## Exercise
The listing below is to be written out word for word, minus its images.

## Input material
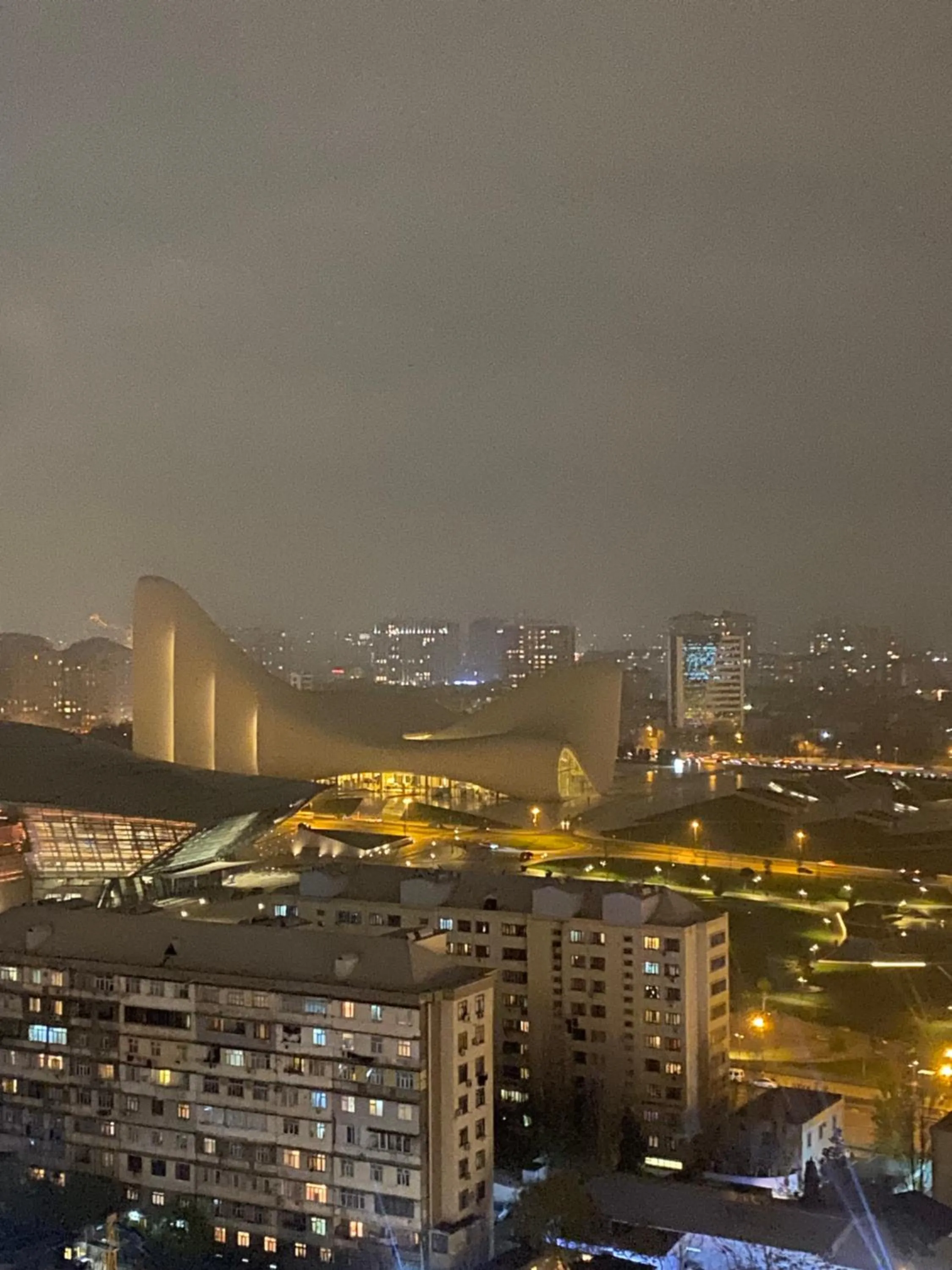 City view in Abu Arena Hall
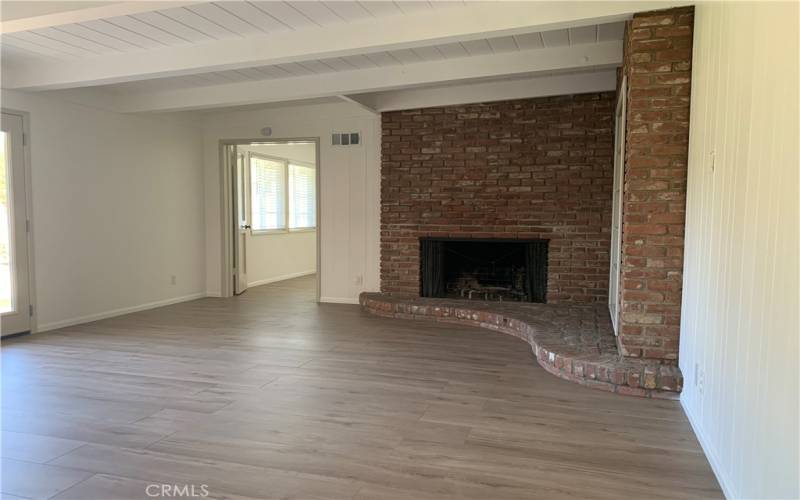 Living room, fireplace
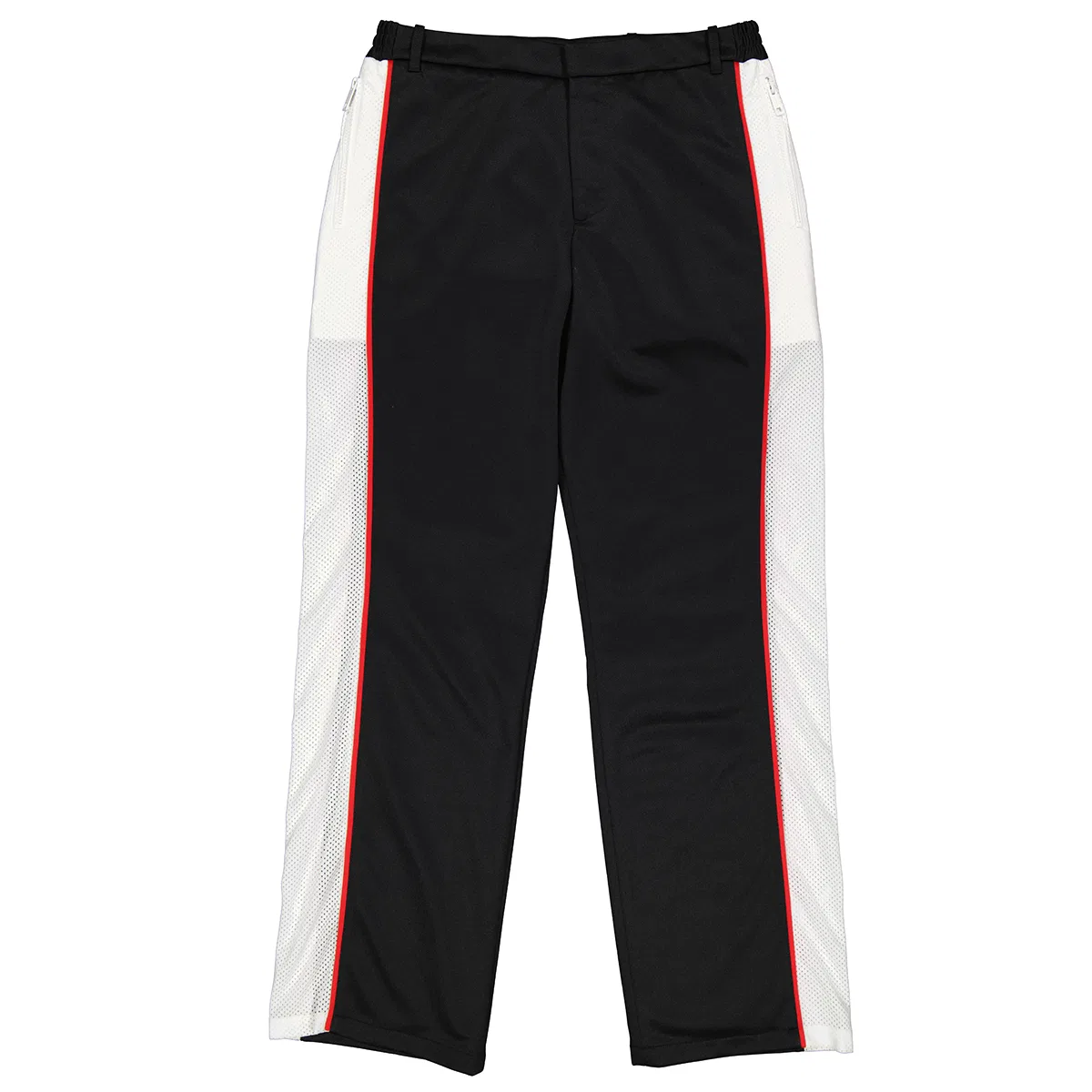 Брюки прямого кроя с боковой лентой из смесового хлопка Burberry, Black — фото 4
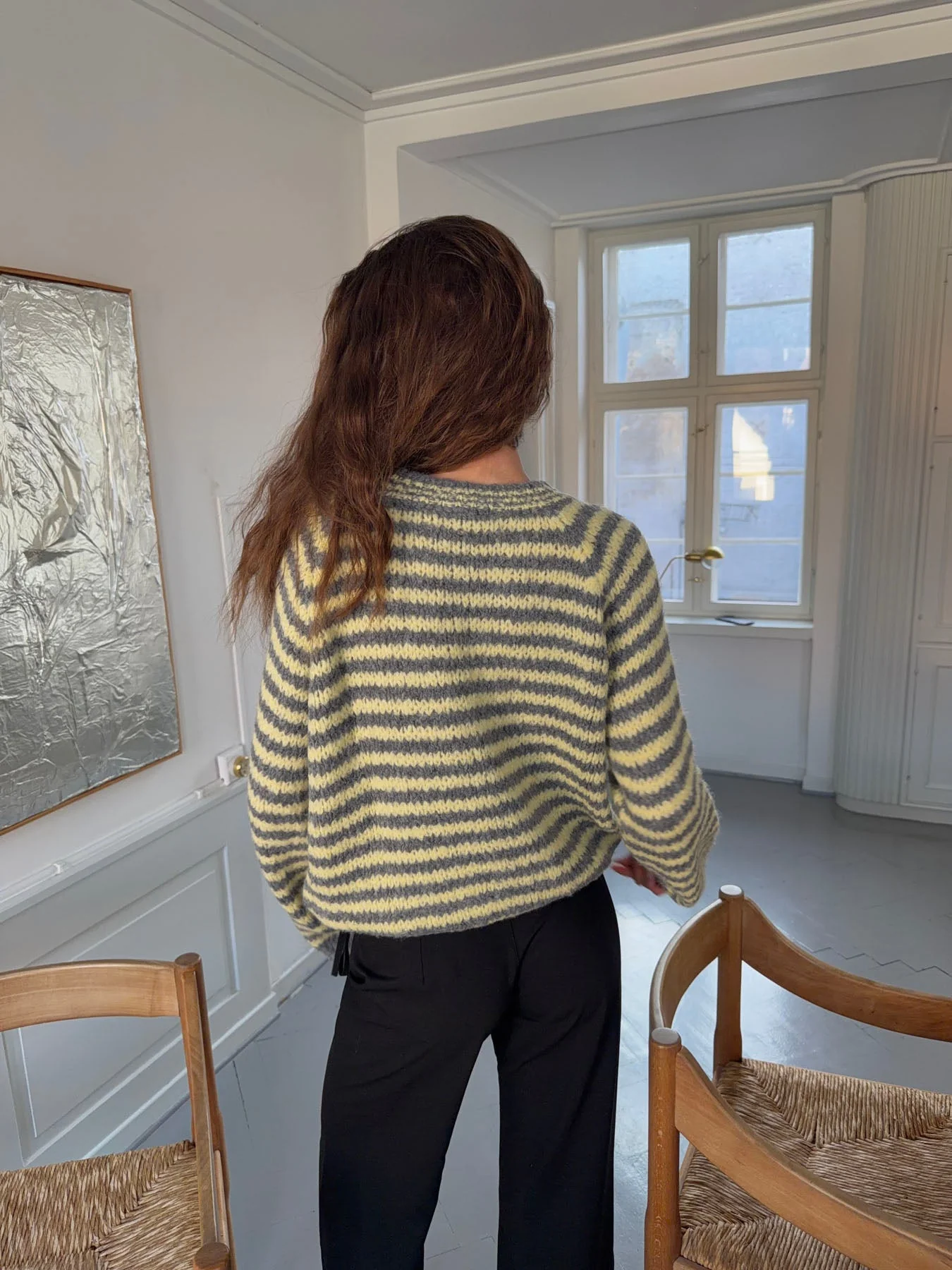 Zeya knit with stripes - Yellow/grey 3 Zeya knit with stripes - Yellow/grey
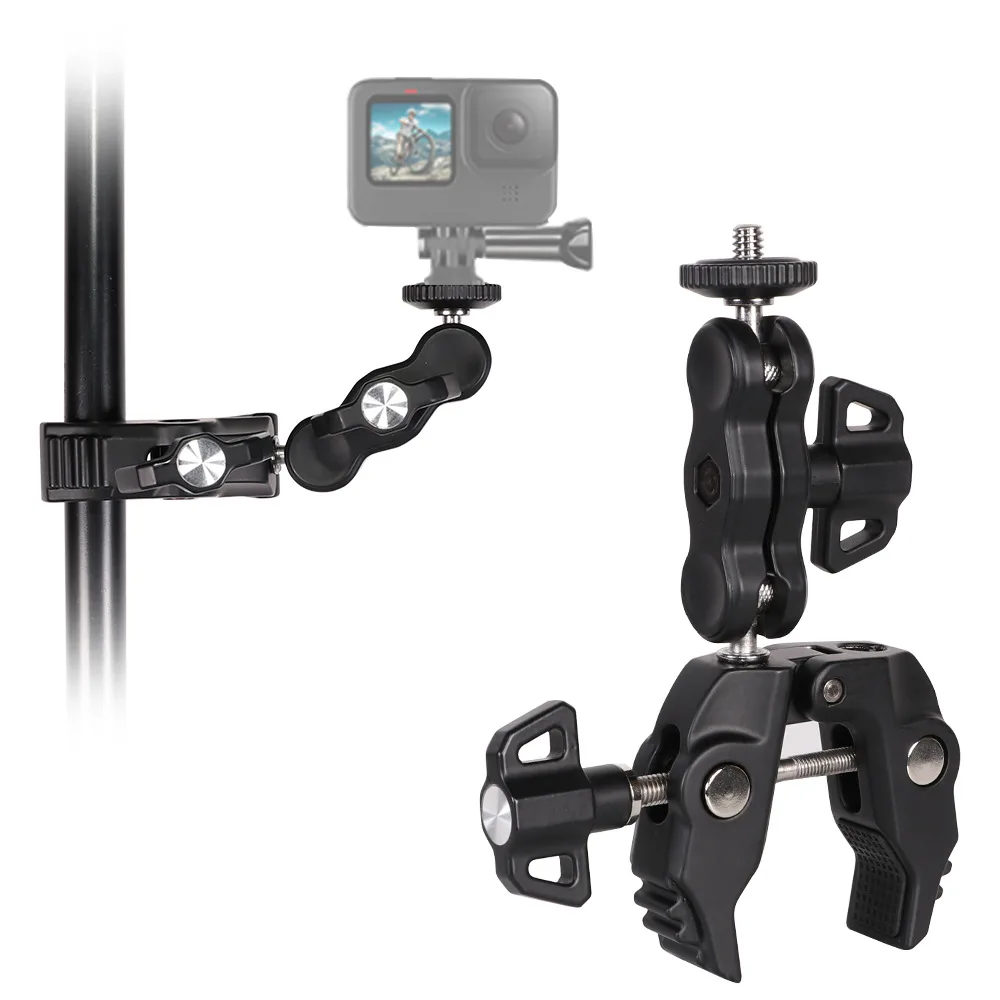 Metal Super Clamp Car Interior Accessories 360 Ball Head Arm Locking Clip With 1/4" 3/8" Hole Dslr Mobile Camera Monitor Led
Metal Super Clamp Car Interior Accessories 360 Ball Head Arm Locking Clip With 1/4" 3/8" Hole Dslr Mobile Camera Monitor Led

## Answer to the exercise
 City view in Abu Arena Hall
 Living room, fireplace
 Брюки прямого кроя с боковой лентой из смесового хлопка Burberry, Black — фото 4
 Zeya knit with stripes - Yellow/grey 3 Zeya knit with stripes - Yellow/grey
 Metal Super Clamp Car Interior Accessories 360 Ball Head Arm Locking Clip With 1/4" 3/8" Hole Dslr Mobile Camera Monitor Led
Metal Super Clamp Car Interior Accessories 360 Ball Head Arm Locking Clip With 1/4" 3/8" Hole Dslr Mobile Camera Monitor Led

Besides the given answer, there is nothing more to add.